In February 2021, DA Smith Drilling Company began drilling the new testbed’s nine boreholes, five for injecting or receiving water and four for monitoring the responses in the rock. RESPEC, an engineering firm headquartered in Rapid City, is aiding the research group by making detailed measurements in the new boreholes to help understand the rock and helping with core evaluation.
Supporting Utah FORGE
The data and knowledge collected from EGS Collab’s investigation will be applied at the Frontier Observatory for Research in Geothermal Energy, known as Utah FORGE. A flagship DOE geothermal project, Utah FORGE is kilometer-scale field laboratory in Milford, Utah — a full-scale analog to the ten meter-scale EGS Collab testbeds at Sanford Lab.
“There remains an uncertainty in terms of the best way to communicate between two wells,” said John McLennan, a co-principal investigator for Utah FORGE from the University of Utah and liaison to EGS Collab. “We are fairly certain that the methodology should enfranchise natural fractures, but what exactly should that method be? The industry is still not 100 percent certain.”
At Utah FORGE, research groups develop technologies needed to create large-scale, economically sustainable heat exchange systems, thus paving the way for a reproducible approach that will reduce risks associated with EGS development with a goal of powering 10 million homes.
“The upcoming EGS Collab experimentation on the 4100 Level, to me, is one of the most interesting elements that will have direct relevance to our future stimulation activities at Utah FORGE,” McLennan said.
In addition to providing data for Utah FORGE, the EGS Collab’s research has reached international audiences. In 2017, the EGS Collab began to livestream their test runs.
“We’ve never held a closed meeting,” Kneafsey said. “We don't want this to be a closed project. Oftentimes, experimentalists go into the field, do our experiment, and come back with a ream of data.
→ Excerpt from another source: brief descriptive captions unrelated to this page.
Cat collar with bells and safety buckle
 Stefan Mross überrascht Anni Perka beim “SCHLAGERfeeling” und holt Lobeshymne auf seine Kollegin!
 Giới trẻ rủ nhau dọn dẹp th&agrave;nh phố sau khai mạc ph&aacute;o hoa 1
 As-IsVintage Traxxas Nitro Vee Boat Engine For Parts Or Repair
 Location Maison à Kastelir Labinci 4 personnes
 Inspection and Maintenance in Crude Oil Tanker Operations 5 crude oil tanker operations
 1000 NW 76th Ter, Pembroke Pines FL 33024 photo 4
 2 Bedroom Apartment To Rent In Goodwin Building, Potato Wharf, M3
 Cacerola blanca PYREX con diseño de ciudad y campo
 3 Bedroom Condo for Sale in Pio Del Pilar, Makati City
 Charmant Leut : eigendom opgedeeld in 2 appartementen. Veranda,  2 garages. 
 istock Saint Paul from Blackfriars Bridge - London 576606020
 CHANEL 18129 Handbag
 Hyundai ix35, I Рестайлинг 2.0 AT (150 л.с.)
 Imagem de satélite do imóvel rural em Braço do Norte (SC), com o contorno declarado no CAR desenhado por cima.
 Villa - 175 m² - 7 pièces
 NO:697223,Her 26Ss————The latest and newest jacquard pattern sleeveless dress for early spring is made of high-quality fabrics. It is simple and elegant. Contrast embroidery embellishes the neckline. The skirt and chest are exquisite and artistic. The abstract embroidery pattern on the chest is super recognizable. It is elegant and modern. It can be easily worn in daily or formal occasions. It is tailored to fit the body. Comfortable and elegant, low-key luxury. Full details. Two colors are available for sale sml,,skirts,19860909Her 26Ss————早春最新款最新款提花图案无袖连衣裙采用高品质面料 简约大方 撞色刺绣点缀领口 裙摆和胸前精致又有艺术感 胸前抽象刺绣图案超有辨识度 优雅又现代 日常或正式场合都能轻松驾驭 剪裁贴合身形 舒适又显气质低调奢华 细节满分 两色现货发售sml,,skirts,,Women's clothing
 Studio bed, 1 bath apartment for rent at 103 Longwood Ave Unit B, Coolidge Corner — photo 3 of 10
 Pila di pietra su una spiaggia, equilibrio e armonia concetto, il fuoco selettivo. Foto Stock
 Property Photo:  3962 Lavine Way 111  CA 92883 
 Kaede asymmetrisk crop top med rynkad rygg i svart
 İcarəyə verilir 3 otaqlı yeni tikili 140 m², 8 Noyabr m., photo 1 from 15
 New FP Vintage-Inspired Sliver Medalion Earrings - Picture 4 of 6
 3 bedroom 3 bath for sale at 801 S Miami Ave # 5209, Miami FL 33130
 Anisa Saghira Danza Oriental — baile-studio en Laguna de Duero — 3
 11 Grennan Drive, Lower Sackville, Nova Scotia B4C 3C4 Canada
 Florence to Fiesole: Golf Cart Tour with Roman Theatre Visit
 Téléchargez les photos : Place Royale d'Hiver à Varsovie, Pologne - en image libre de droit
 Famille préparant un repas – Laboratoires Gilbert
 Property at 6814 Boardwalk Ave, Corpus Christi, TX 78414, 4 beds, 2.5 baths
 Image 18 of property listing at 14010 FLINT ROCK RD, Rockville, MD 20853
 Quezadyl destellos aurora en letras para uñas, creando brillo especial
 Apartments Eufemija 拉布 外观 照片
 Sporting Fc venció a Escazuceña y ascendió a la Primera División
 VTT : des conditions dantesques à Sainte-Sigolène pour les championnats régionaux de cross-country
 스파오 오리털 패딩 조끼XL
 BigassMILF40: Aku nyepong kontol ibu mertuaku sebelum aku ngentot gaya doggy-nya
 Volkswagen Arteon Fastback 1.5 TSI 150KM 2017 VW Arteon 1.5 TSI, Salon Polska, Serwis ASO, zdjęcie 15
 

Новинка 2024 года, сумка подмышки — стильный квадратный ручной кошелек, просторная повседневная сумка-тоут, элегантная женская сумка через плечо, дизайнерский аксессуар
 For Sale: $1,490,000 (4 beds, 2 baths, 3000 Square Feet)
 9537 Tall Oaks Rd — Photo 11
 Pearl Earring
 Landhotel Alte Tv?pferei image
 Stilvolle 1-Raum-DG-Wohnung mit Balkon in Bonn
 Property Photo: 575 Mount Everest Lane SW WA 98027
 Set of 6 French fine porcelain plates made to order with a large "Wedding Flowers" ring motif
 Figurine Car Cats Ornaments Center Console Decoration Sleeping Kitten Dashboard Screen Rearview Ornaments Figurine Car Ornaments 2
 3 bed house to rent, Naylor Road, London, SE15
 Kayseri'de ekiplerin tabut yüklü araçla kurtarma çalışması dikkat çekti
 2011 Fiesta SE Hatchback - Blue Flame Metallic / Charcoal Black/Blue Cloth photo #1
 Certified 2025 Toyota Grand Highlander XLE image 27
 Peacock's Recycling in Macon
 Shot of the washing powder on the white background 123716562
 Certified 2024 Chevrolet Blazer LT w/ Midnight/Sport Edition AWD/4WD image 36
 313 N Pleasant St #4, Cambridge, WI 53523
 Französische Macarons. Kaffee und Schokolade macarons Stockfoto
You hand it to an analyst and say, ‘Figure this out.’ But, in the case of EGS Collab, experimentalists and numerical modelers are working hand-in-hand during the experiment to try to figure things out, and it really improves the product.”
Paul Schwering, senior geoscientist at Sandia National Laboratories (SNL), recalled one livestream that lasted 30 days. Throughout the extended test run, experts from laboratories, universities and commercial interest groups around the globe checked in to share their expertise.
“I'd call it a renaissance of underground laboratory work in hard rock,” Schwering said. “Being able to cross-pollinate, to share lessons learned and to have that open communication has brought together a worldwide network of incredible scientists who are working on solving these challenges.”
When EGS Collab begins testing hydraulic shearing techniques on the 4100 Level, the team will continue to broadcast their tests, drawing on insight from this international community to propel geothermal research.
The EGS Collab has previously been referred to as SIGMA-V at Sanford Lab.
The EGS Collab project includes researchers from ten national labs — Lawrence Berkeley National Laboratory, Sandia National Laboratories, Pacific Northwest National Laboratory, Lawrence Livermore National Laboratory, Idaho National Laboratory, Los Alamos National Laboratory, National Energy Research Laboratory, Oak Ridge National Laboratory, National Energy Technology Laboratory, and Brookhaven National Laboratory; and eight universities — South Dakota School of Mines and Technology, Stanford, University of Wisconsin, University of Oklahoma, Colorado School of Mines, Penn State, Rice University, and Texas A&M University. Many industry consultants and contractors, as well as the incredible team at Sanford Lab, continue to be instrumental to the ongoing success of the project.